2026 : « un excellent millésime » pour la qualité des blés français
TNC le 18/09/2026 à 17:15
Si la récolte française de blé 2026 a été particulièrement chahutée par la hausse des charges, les prix bas et les aléas climatiques, elle se distingue par une qualité exceptionnelle. Les résultats de l’enquête menée par FranceAgriMer et Arvalis sur les grains à l’entrée des silos de collecte confirment un millésime particulièrement favorable sur le plan technologique et sanitaire.
Le 16 septembre, FranceAgriMer et Arvalis ont détaillé le bilan définitif de la qualité de récolte des blés 2026, à l’entrée des silos de collecte, avant le travail du grain.
Premier signe de qualité des blés tendres : « la totalité de la collecte est au-dessus de 250 secondes pour l’indice de chute de Hagberg, contre 85 % en moyenne sur la période 2021-2025, et 97 % des lots dépassent même les 300 secondes », souligne Chatou Laouan Brem Boundi, chargée d’études à FranceAgriMer.

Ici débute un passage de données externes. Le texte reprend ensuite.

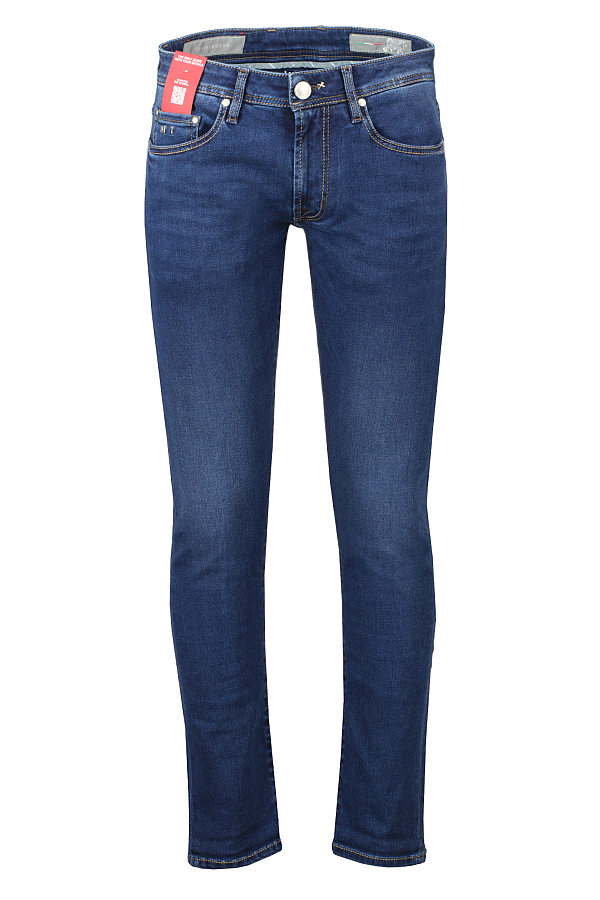Tramarossa Jeans
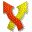 File Splitter PRO 3.0 File Splitter PRO 3.0 32x32 pixels icon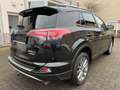 Toyota RAV 4 Hybrid Edition Negro - thumbnail 6
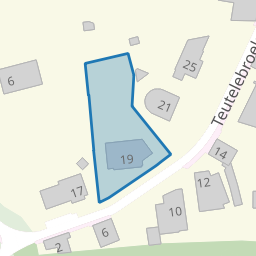 Perceel KRD00-G-4893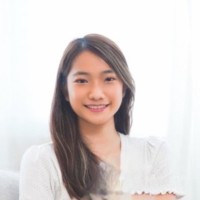 Stephy Ho Email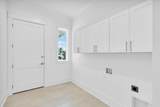 TBD Seabrook Way - Photo 8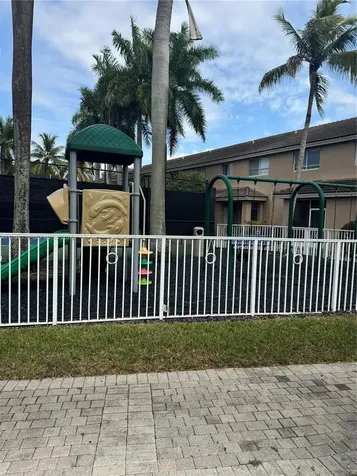 5755 NW 115th Court Doral FL 33178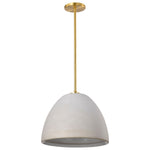 Nuvo Lighting-60-8003|MAIN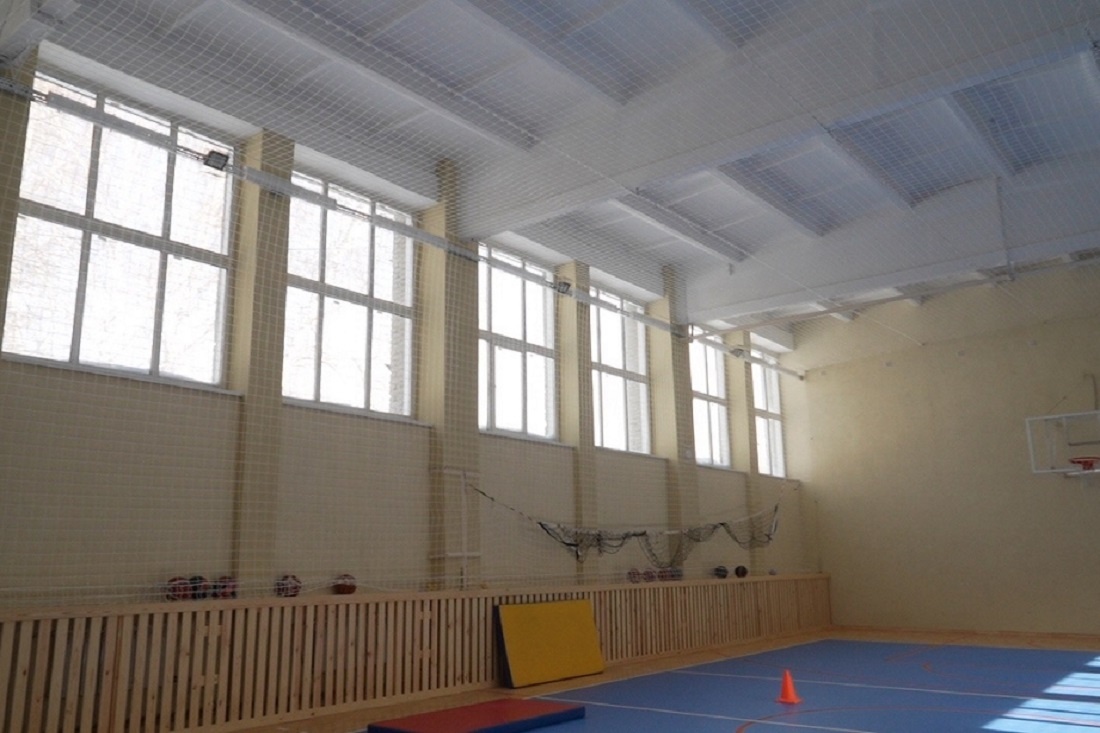    Фото: Влада Яковлева, nsknews.info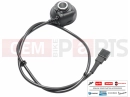 PIAGGIO X9 500 Evolution 56436R - Sensor, Einheit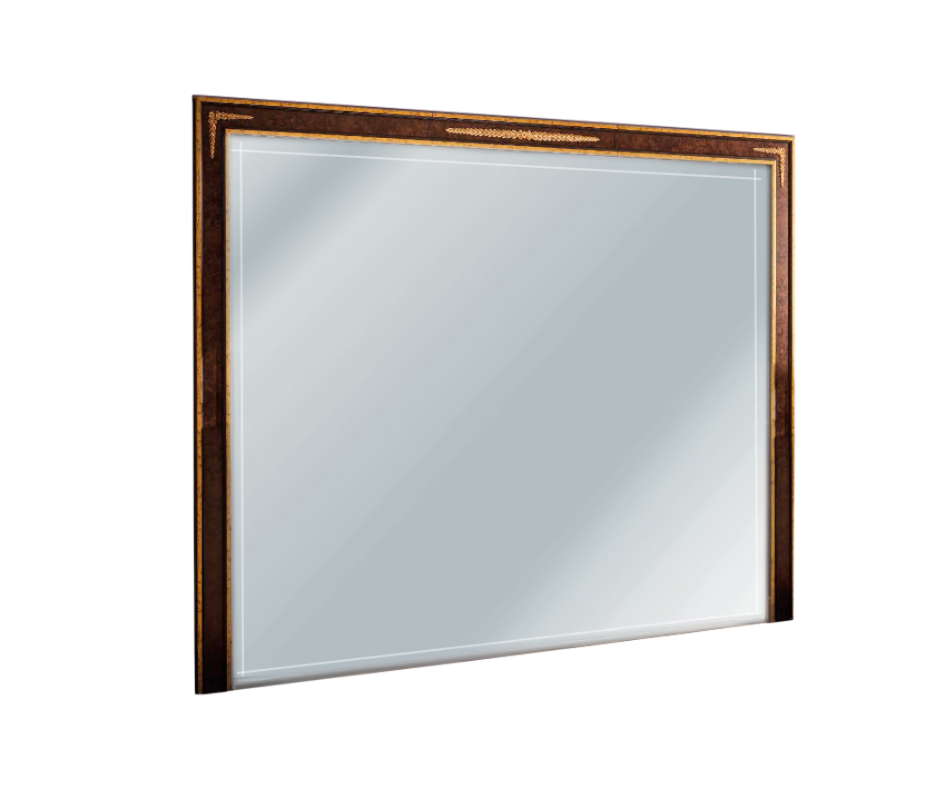 Lustro Arr Modigliani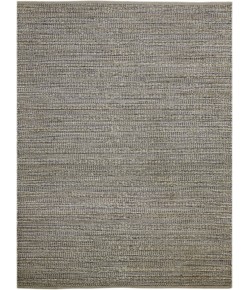 Amer Naturals NAT-6 Sinclair Dark Gray Area Rug 5 ft. X 8 ft. Rectangle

Les poids spécifiques atteignent également des niveaux élevés. La moyenne nationale s’établit à 79,3 kg/hl et 97 % des blés dépassent le seuil de 76 kg/hl, contre seulement 61 % en moyenne quinquennale. « Un atout majeur pour répondre aux exigences des marchés. » Les blés récoltés cette année se distinguent également par leur faible humidité, avec une moyenne de 11,3 %, contre 12,6 % en 2025.
Une richesse en protéines au rendez-vous
La teneur moyenne en protéines atteint 11,8 %, contre 11,3 % lors de la campagne précédente. « Nous sommes sur une année à haute teneur en protéines », précise Christine Bar, responsable qualité et valorisation chez Arvalis.
Les caractéristiques rhéologiques de la pâte confirment cette bonne orientation qualitative. La force boulangère (W), indicateur de la qualité viscoélastique de la pâte, atteint 204 en moyenne. Près de 84 % des lots dépassent le seuil de 170, contre seulement 57 % l’an dernier.
Le ratio ténacité/extensibilité (P/L) s’élève à 1,5 au niveau national. Cette année, 83 % des lots présentent une valeur supérieure à 1, contre 22 % en 2025, traduisant une très bonne résistance des pâtes à l’alvéographe de Chopin.
L’indice d’élasticité affiche une moyenne de 51, la majorité des échantillons se situant dans la fourchette 50-55, généralement considérée comme un gage d’équilibre. Même constat pour le gluten index, dont la moyenne nationale atteint 87 et dont la moitié des lots dépasse la valeur de 90.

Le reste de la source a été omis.